▸ **HOW TO COMPLETE THIS TASK**
What you return should be the full listing, copied exactly and stripped of its pictures.

** Opening DATA BELOW block **

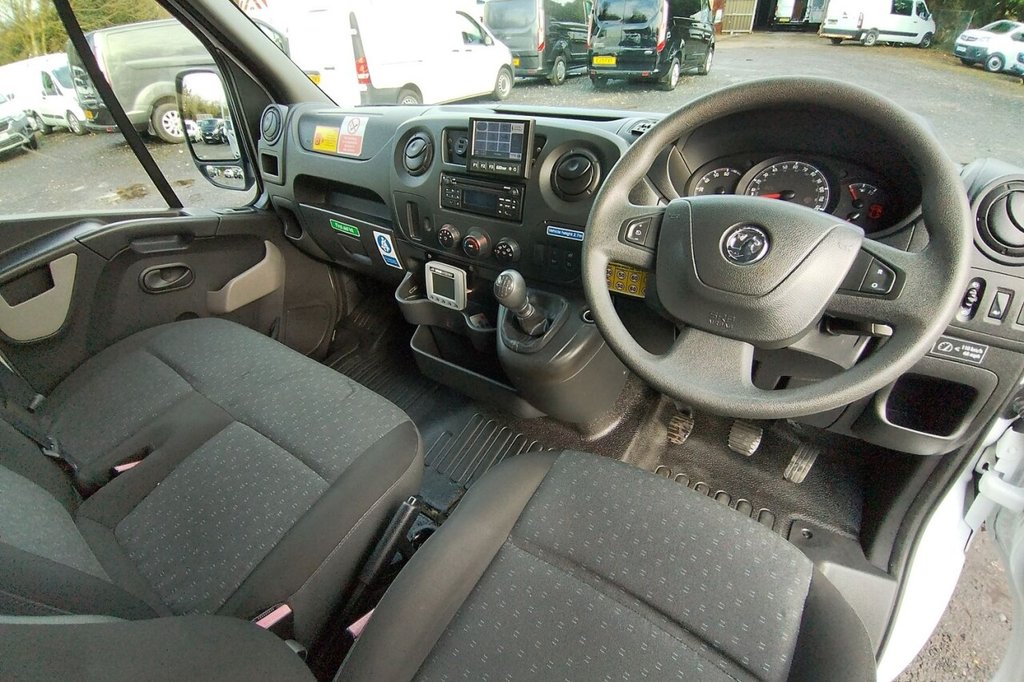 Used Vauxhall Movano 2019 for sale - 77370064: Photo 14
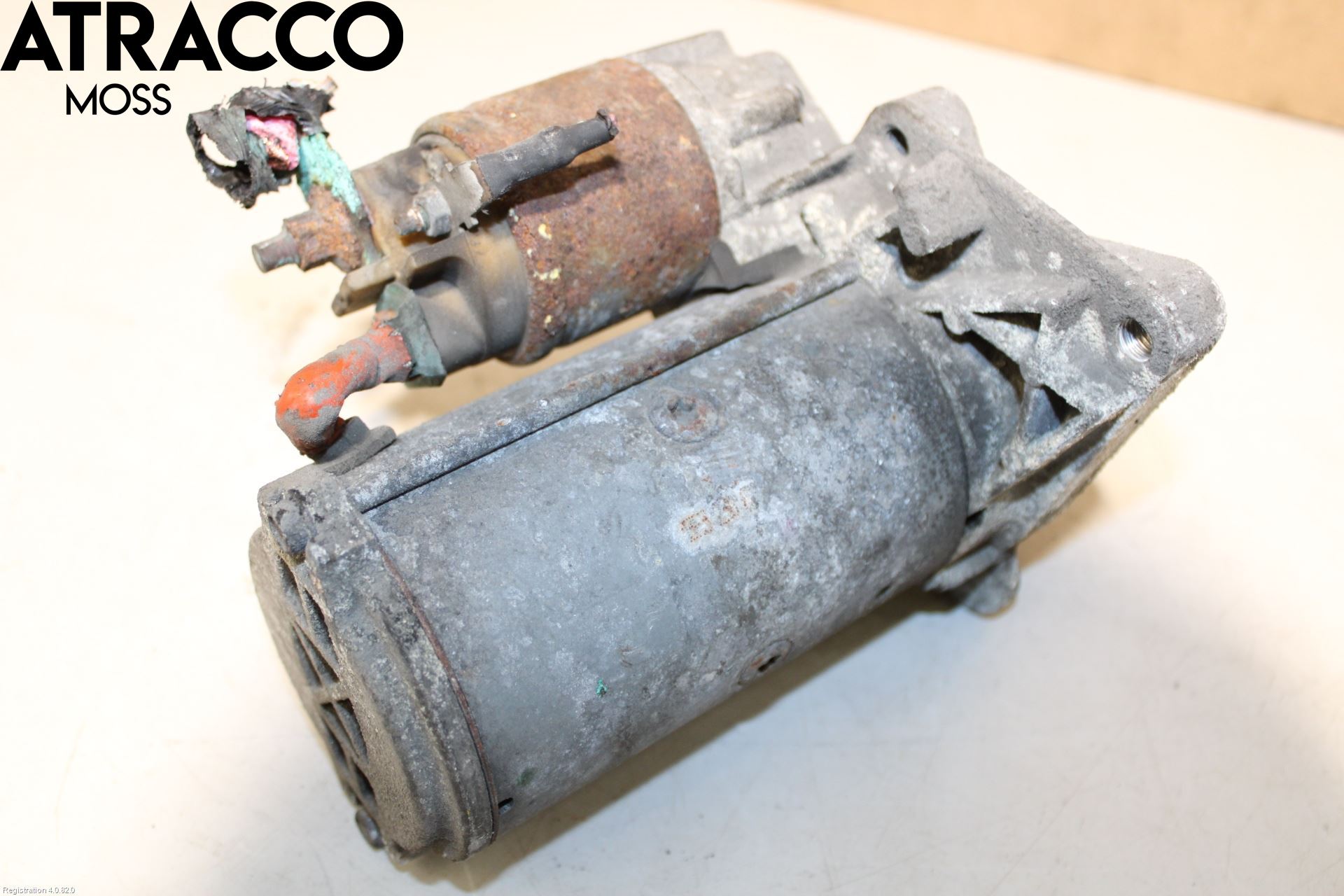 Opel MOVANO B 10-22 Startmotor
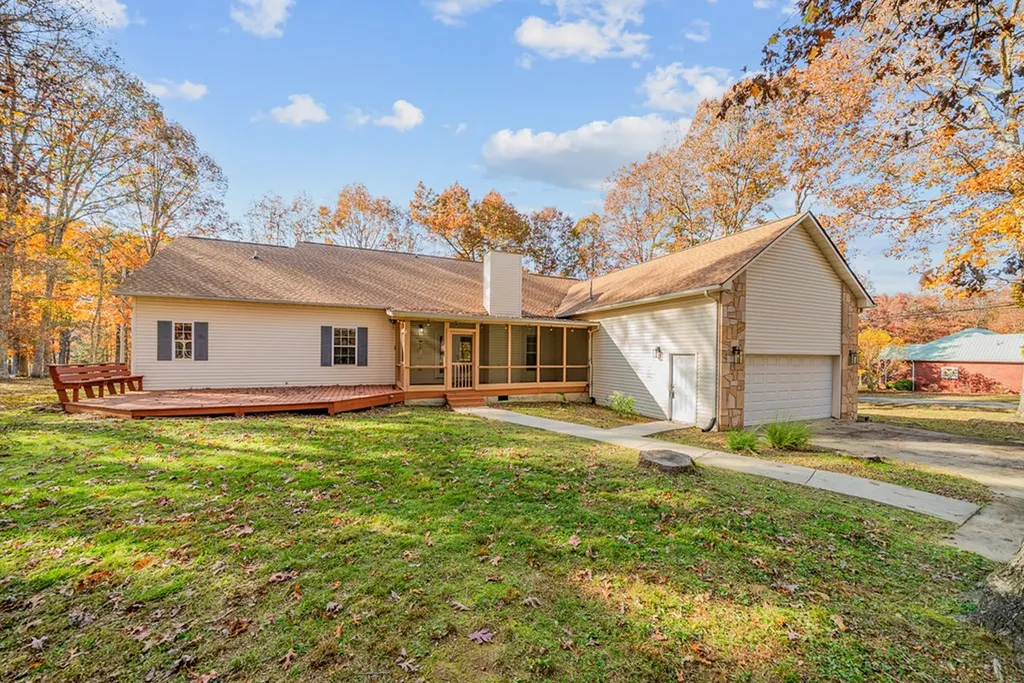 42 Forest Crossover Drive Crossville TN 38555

** Closing DATA BELOW block **

▸ **EXERCISE RESPONSE**
 Used Vauxhall Movano 2019 for sale - 77370064: Photo 14
 Opel MOVANO B 10-22 Startmotor
 42 Forest Crossover Drive Crossville TN 38555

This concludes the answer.